> [Task to carry out] Below are lines of records; copy exactly those from the one containing "Beberkan Capaian Pasar" through the one containing "Cover Art for ZEITENWENDE", leaving the pictures behind.

> [Data extracts]

::::::::::

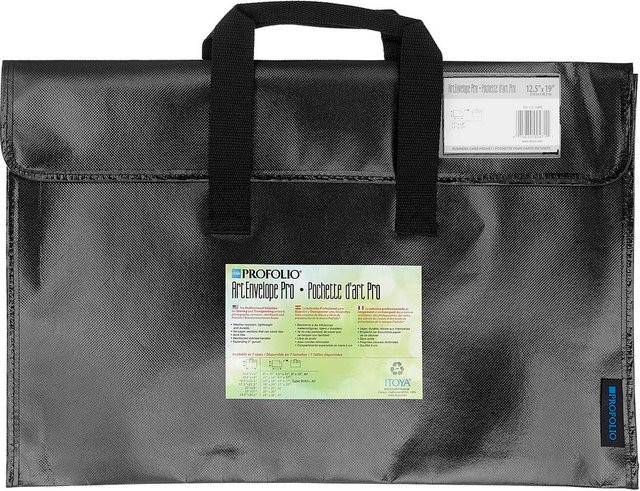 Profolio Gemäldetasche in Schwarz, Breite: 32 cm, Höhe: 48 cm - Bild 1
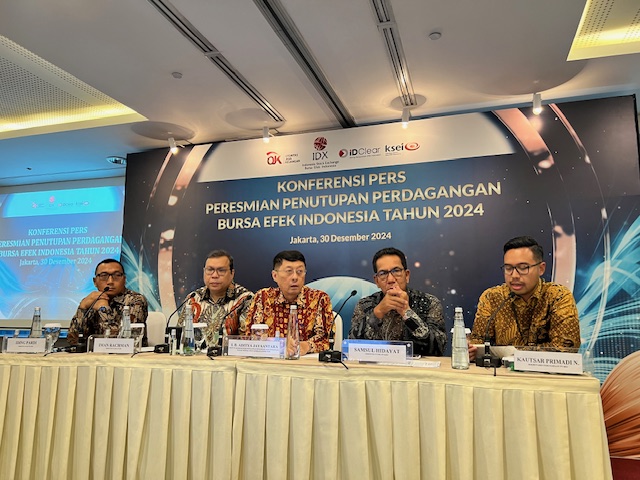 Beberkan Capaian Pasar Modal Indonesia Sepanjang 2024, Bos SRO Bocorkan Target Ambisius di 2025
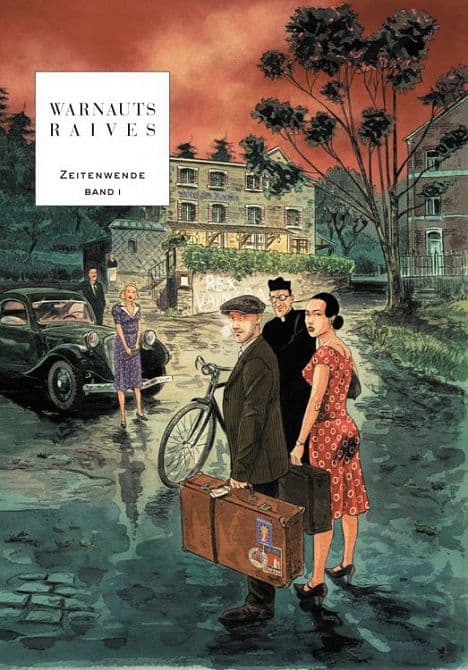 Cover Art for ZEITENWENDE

::::::::::

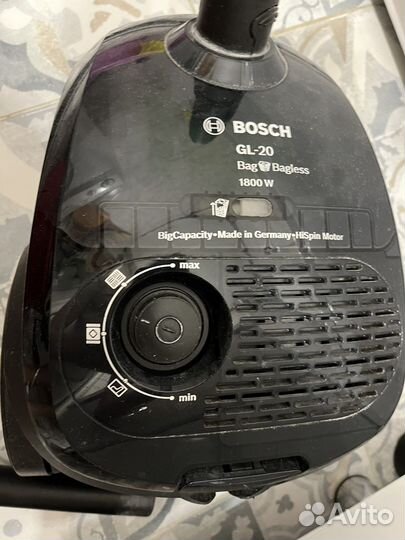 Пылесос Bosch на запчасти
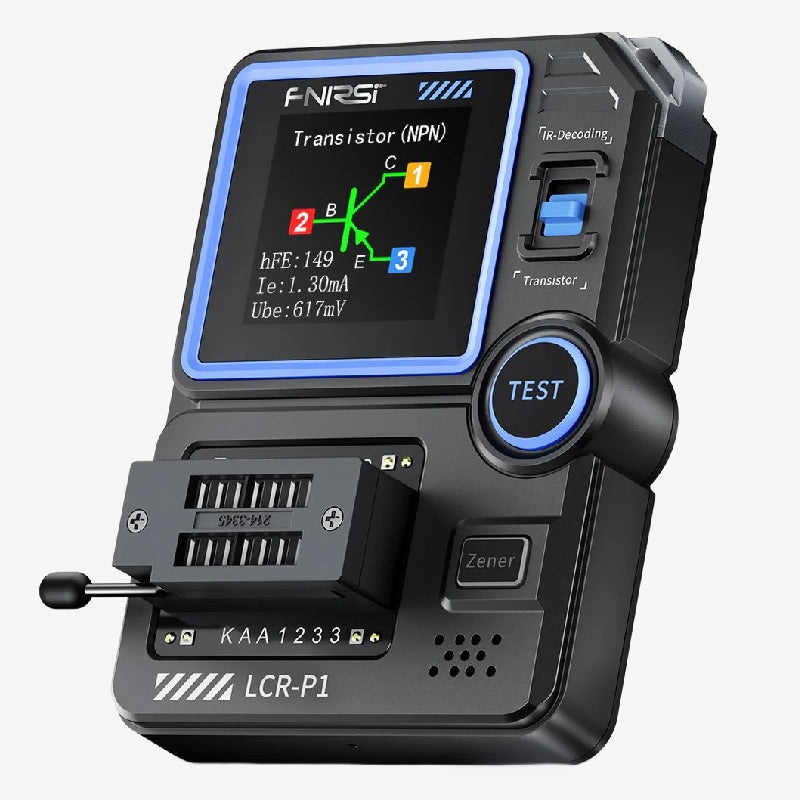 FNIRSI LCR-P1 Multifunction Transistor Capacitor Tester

::::::::::

> [Answer below]
 Beberkan Capaian Pasar Modal Indonesia Sepanjang 2024, Bos SRO Bocorkan Target Ambisius di 2025
 Cover Art for ZEITENWENDE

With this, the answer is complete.